UCLA

Data are an essential factor in the fourth industrial revolution, demanding engineers and scientists to leverage and analyze their potential for significantly improving the efficiency of industrial processes and their control systems. In classical industrial process control systems, the models are constructed using linear data-driven approaches, where parameters are adjusted based on experimental or simulated data. In certain critical control loops focused on optimizing profits, first-principles models are used to describe the fundamental physico-chemical phenomena, incorporating a small set of parameters derived from industrial or simulation data. However, despite the effectiveness of these classical modeling methods in many studies, there persists a significant challenge when modeling large-scale, complex nonlinear systems within the field of process engineering. Traditional approaches often fall short of accurately representing the complexities and nonlinear dynamics inherent in large-scale industrial processes. Therefore, there are continuous efforts to conduct extensive studies on effective tools for model development and evaluation techniques. This is crucial because process models play a central role in advanced control strategies, particularly, model-based control systems such as model predictive control (MPC) and economic MPC (EMPC) frameworks. Therefore, accurate construction and evaluation of these models will contribute to achieving the desired performance and ensuring operational efficiency, ultimately leading to robust and reliable control systems.

Machine learning techniques have proven to be an effective modeling tool in many engineering applications.
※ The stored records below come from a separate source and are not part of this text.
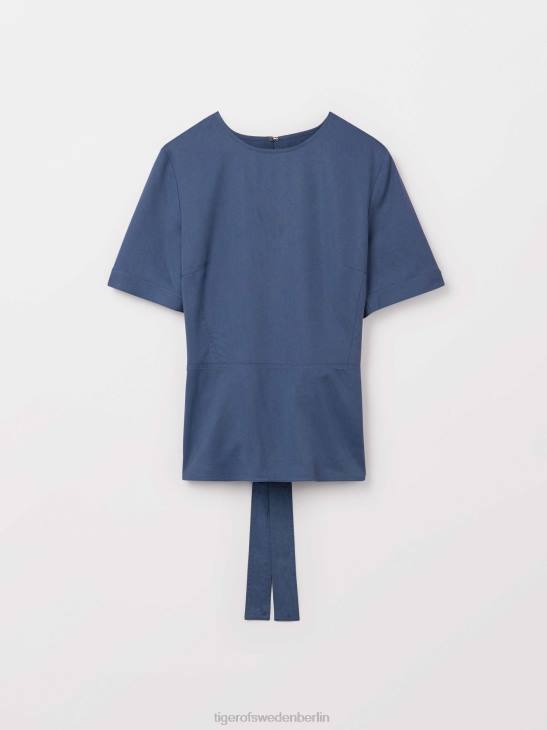 Kleidung Tiger of Sweden Tanessa oben 29e-Metallblau Frauen 68FR289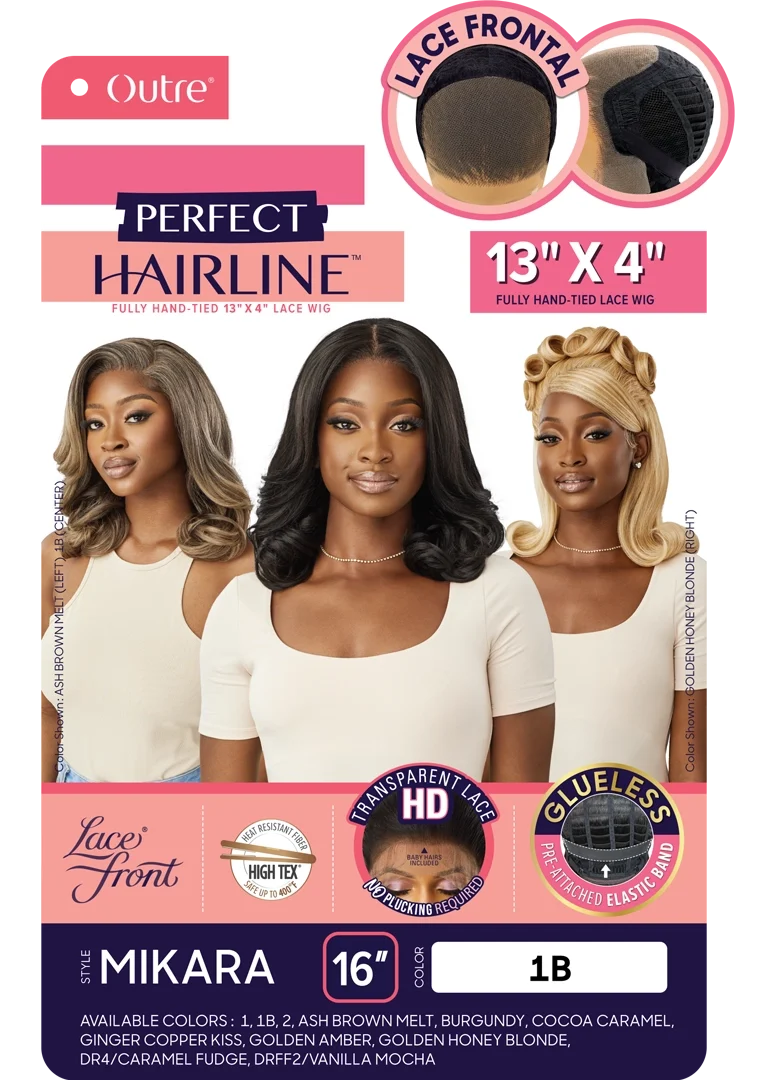 Outre Perfect Hairline 360 Frontal Lace 13"x 6" HD Transparent Lace Front Wig Mikara QLPHLMIK - Elevate Styles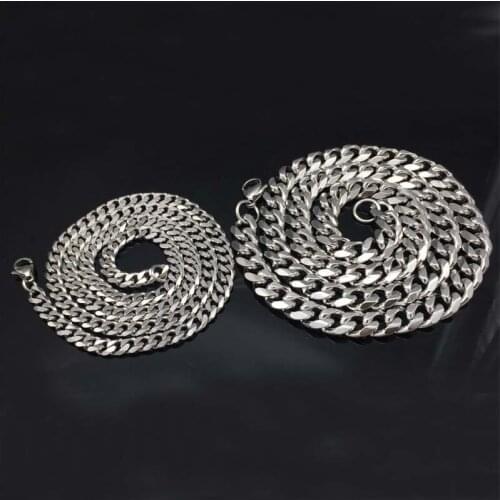 23.62" 5mm/9mm Men Chain Necklace 316l Stainless Steel Chain Stainless Steel Necklace Fashion For DIY Jewelry Making Findings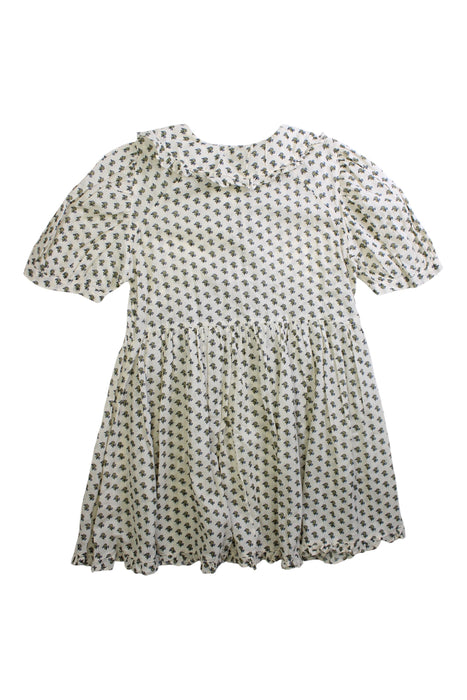 A White Short Sleeve Dresses from Caramel in size 4T for girl. (Back View)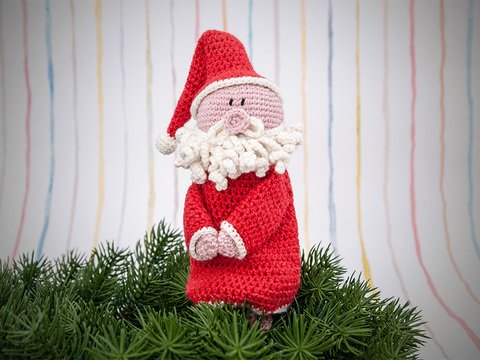 Häkelanleitung Santa der Weihnachtsmann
More specifically, machine learning models have been used to model large-scale, complex nonlinear systems. These models are then integrated into MPC to achieve closed-loop stability. Among the many types of machine learning techniques, recurrent neural networks (RNNs) are widely used to model nonlinear processes involving time series data. This is due to their special structure, which allows useful previous information to be retained. In addition to complexities arising from nonlinearities and the large-scale nature of practical industrial processes, and challenges in modeling these systems, time delays pose significant challenges in nonlinear control systems. These delays can arise due to various sources such as transportation lags, sensor and actuator response times. Such delays can lead to instability, oscillations, and overall degradation in the performance of the control system. Hence, addressing these delays is crucial for maintaining the system's stability and optimizing its performance. Besides time-delay systems, there are also systems that experience different time-scale multiplicity, known as two-time scale systems. These types of systems require specific techniques to handle and design efficient model-based controllers to achieve closed-loop stability. Additionally, this dissertation includes an assessment of generalization error bounds for different types of machine learning models to evaluate their performance and reliability in various scenarios.

In response to the factors highlighted, this dissertation presents the integration of machine learning techniques with model predictive control to stabilize the dynamics of nonlinear chemical processes. The dissertation begins with a comprehensive overview of its motivation, background, and structure. Then, it discusses the use of machine learning models within a model predictive control framework to stabilize a nonlinear system with time-delays. Additionally, the design of a machine learning-based predictor to compensate the effect of inputs delays is discussed. The closed-loop stability of the system achieved with Lyapunov-based model predictive controllers is investigated through theoretical analysis. Subsequently, a theoretical framework for deriving generalization error bounds for RNNs, partially connected recurrent RNNs, and long short-term memory (LSTM) RNNs are introduced. Next, we study generalization error bounds for models capturing the dynamics of two-time-scale systems and present simulation studies to address the modeling criteria of these systems under MPC frameworks, along with the necessary assumptions to achieve closed-loop stability. Throughout the dissertation, control methods are validated through their application in numerical simulations of nonlinear chemical processes, highlighting their effectiveness, performance and reliability.